There’s nothing more interesting than authenticity. Small business owners have dedicated their lives to their craft. Their expertise and experiences are invaluable, their stories and perspectives are unique, and their offerings are curated and cultivated by them and often them alone. Take it from us—there is truly endless inspiration to be found in getting to know the small business owners in our communities. Plus, they are really entertaining and lovely people.
It’s worth the risk. Deciding to strike out on your own is scary. However, after speaking with many small business owners over the years, the vast majority seem to believe that taking the leap was absolutely the right decision. The reasons may vary, from having the ability to forge your own path, to going at your own pace, to taking a more personal approach to your business, but consensus is that you’ll find rewards in unexpected places. We’ve certainly found that to be the case.
Being open to evolving is essential. If the past few months have taught us anything, it’s that we all need to be able to adapt. Small business owners appear to be especially good at this. Maybe it’s because they’re especially attuned to their clients’ needs, or conditioned to be able to learn new things and make changes quickly, but whether it’s starting an e-commerce site or embracing social media or coming up with an entirely new business offering or even model, small business owners are excellent at thinking outside of the box and answering the call when it comes to meeting their customers’ needs.

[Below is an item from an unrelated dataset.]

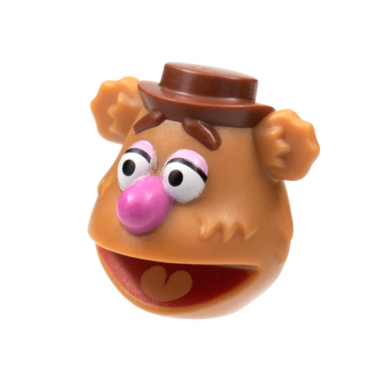 medium nougat minifigure head modified muppet fozzie reddish brown hat and eyebrows dark pink nose pattern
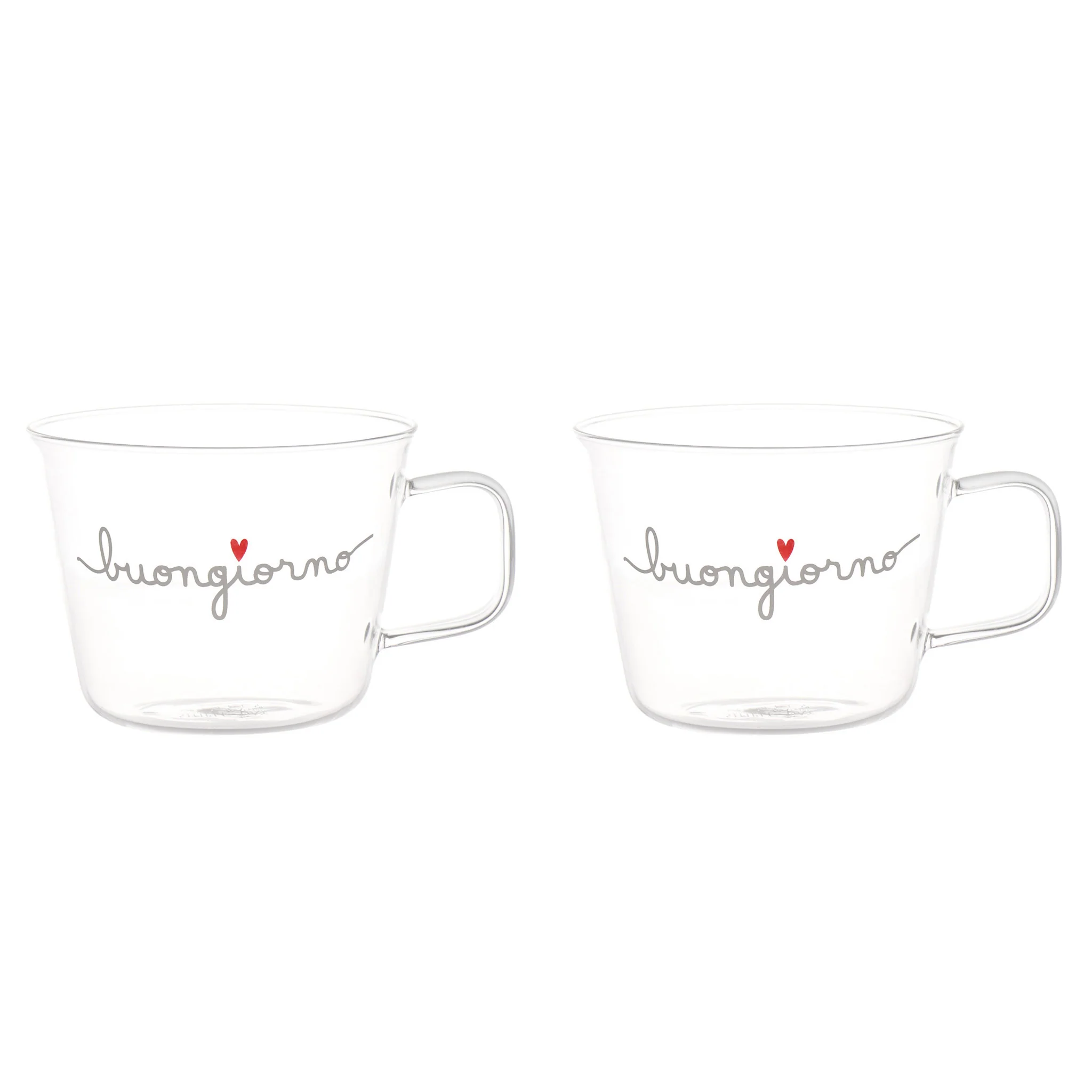 Set 2 tazze colazione in vetro borosilicato decoro Buongiorno Cuore Rosso Set 2 tazze colazione in vetro borosilicato decoro Buongiorno Cuore Rosso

Wearing a lot of hats goes with the territory. Whether they’re a one-man show or have a team, small business owners are usually involved in every aspect of the business. Floral designers often double as their own social media managers, boutique owners frequently are responsible for business operations…when you think about what it entails to run a business, especially in an age when everyone is expected to have a beautiful and constantly updated Instagram feed, it’s a pretty amazing juggling act.
A rising tide lifts all boats. When one person or business succeeds, gains recognition, or develops a following, everyone around them benefits. We’ve found the small business community to be deeply interconnected and for the most part, eager to help those coming up in the ranks. It’s this beautiful reciprocity that makes the work so rewarding.
Owning a business is a labor of love. The whole notion of working 9 to 5 goes out the window for small business owners. But you 100% get back what you give. And at the end of the day, doing what makes you happy, being able to provide jobs for your employees, and feeling like you make a difference to your clients and community make the toil and long hours pay off in spades. There’s no greater satisfaction than that.
You have to put yourself out there. We’ve learned this from both the business owners who advertise with The Scout Guide and our editors/owners. If you’re going to survive—let alone thrive—you can’t stand on the sidelines. Believing your endeavor will succeed isn’t enough. Every day you have to make connections, negotiate with vendors, and stay in touch with customers.
It’s not about vanity. Launching your own business is not a glamorous project. While on the outside, your name and headshot might be on your website and Instagram feed, in reality, there is a lot of blood, sweat, and tears that goes into the work. Usually at the beginning (and even years later), you’re working on your own, with the tasks involving everything from manual labor to all-nighters staring at a computer screen. But in the end, the effort is worth it.
You never arrive. It’s incorrect to assume that a small business owner will reach a moment when their mission is complete. Often, once they reach the point when their business is a success, they have to keep adapting to stay relevant, or see a need or opportunity that they feel compelled to take on. We’ve found that it’s just not in a small business owner’s personality type to coast when there’s a customer to serve or community to engage.